Published in the Ocean Watch column,
Honolulu Star-Advertiser © Susan Scott

July 27, 2007

RECENTLY, AS my friend and I ate fish and chips at an outdoor cafe, we wondered what kind of fish we were eating. I guessed shark, he guessed cod.

Later when I looked it up, I discovered either of us might be right. Or wrong. The fish used in fish and chips varies from country to country, region to region and restaurant to restaurant.

In Australia, where I was when this subject came up, people prefer reef fish, such as barramundi, for their breaded (they call it crumbed), deep-fried fish. But Australians also like flake, the term used there for the meat of black-tipped reef and other small sharks.

In Britain, where fish and chips is a staple, people prefer haddock and cod, but plaice (two species of flounder), skate and rock salmon are also popular. Rock salmon there means small sharks including dogfish.

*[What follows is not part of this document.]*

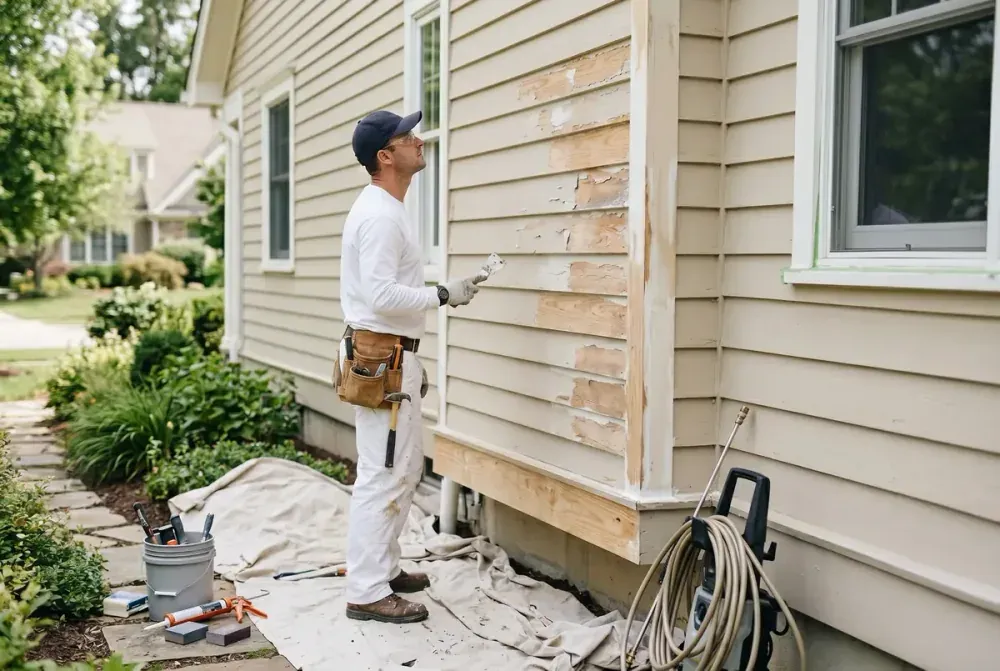 Cornerstone crew pressure washing and prepping a home exterior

In New Zealand you’ll often get snapper in a fish-and-chips shop, but lemon shark is popular there, too. Because of this, a local name there for fish and chips is “shark and taties.” Only the Kiwis, it seems, aren’t afraid to call a shark a shark.

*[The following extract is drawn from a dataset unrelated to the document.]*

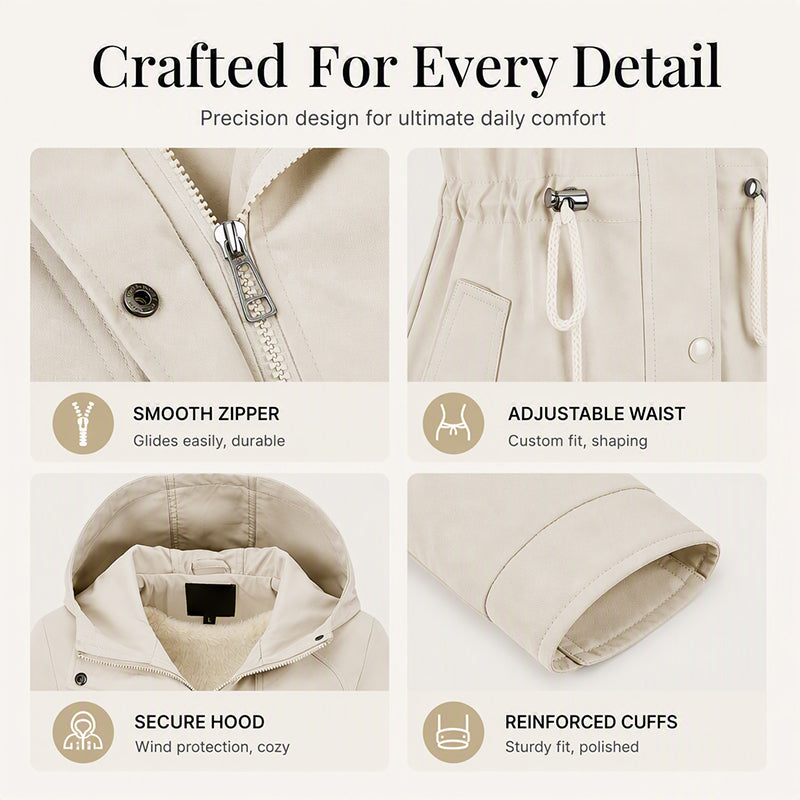 Women's Casual Warm Mid-Length Hooded Jacket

Canadians and Americans use both freshwater and saltwater species for the North American version of fish and chips. In the Great Lakes region (where I grew up), restaurants and bars offer fish fries on Fridays. Originally a service for Catholics who didn’t eat meat on Fridays, fish fries are still a popular Friday tradition.

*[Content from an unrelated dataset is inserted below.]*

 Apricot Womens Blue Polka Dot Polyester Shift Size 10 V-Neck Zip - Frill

But not in Hawaii. You won’t find fish fries or fish and chips on many Hawaii menus. Here breaded, deep-fried fish usually comes in the form of tempura. And you don’t get fries with that.

The British didn’t invent fish and chips, but they did put the two together. Jewish immigrants from Spain and Portugal in the 17th and 18th centuries brought the battered, fried fish idea to Britain. (The Portuguese also brought it to Japan.)

Initially British vendors sold fried fish alone. In “Oliver Twist,” published in 1838, Charles Dickens mentions a fried-fish warehouse. People fried the fish in shallow pans and served it cold.

Later, some sellers began including a baked potato with their fish. But because boiling oil was right there, it was easier to fry the potatoes the way the French did, in strips. When “pomme frites” replaced the baked potatoes, a tradition was born.

Fish and chips wrapped in newspaper was originally a cheap meal for the poor, and the trade was considered unpleasant. The shops stank and some people thought them unsanitary. “It is a source of considerable nuisance in some neighborhoods,” wrote a London health inspector in 1876, “the offensive smell of the oil (lard) boiling and the fish frying spreading often through the whole length of the street where the shop is situated.”

That negative image changed during World War II when fish and chips became one of the few foods in Britain not rationed.

Today fish and chips is a classless meal, and in countries where it’s popular, people eat it anywhere and everywhere. Instead of using newspaper though, vendors now serve their product in polystyrene containers, cardboard boxes or butcher block paper.

My friend and I never found out what kind of fish we ate, but we didn’t care. It was deep fried. Of course, it was good.